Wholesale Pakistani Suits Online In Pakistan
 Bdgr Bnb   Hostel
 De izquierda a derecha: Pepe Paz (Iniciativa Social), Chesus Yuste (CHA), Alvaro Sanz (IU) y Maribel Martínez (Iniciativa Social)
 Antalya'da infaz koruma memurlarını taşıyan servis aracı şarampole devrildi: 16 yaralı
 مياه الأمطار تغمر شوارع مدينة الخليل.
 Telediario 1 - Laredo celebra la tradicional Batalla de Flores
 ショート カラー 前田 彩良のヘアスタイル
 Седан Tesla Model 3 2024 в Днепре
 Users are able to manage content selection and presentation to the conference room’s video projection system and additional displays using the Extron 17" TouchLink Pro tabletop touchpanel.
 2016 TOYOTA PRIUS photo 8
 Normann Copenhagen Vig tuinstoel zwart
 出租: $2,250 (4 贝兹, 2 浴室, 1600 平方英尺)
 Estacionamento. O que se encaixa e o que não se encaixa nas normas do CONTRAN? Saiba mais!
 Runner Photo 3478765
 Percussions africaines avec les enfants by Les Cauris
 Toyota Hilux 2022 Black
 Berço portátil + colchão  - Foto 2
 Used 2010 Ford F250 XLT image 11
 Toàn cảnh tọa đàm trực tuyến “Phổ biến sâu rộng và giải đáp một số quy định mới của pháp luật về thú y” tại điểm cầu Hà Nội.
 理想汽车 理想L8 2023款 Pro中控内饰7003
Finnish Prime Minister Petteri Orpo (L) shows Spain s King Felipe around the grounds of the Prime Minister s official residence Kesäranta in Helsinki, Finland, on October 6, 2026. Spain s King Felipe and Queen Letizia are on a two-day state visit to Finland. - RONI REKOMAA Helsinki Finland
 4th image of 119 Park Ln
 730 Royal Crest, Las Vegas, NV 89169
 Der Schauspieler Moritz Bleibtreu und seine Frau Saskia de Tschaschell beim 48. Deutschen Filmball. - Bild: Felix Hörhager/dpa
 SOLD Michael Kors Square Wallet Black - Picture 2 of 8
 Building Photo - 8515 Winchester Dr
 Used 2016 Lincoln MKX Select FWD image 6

**Work to complete:**
Go through the records and copy each line with "Black" in it.

**Completed task:**
 Toyota Hilux 2022 Black
 SOLD Michael Kors Square Wallet Black - Picture 2 of 8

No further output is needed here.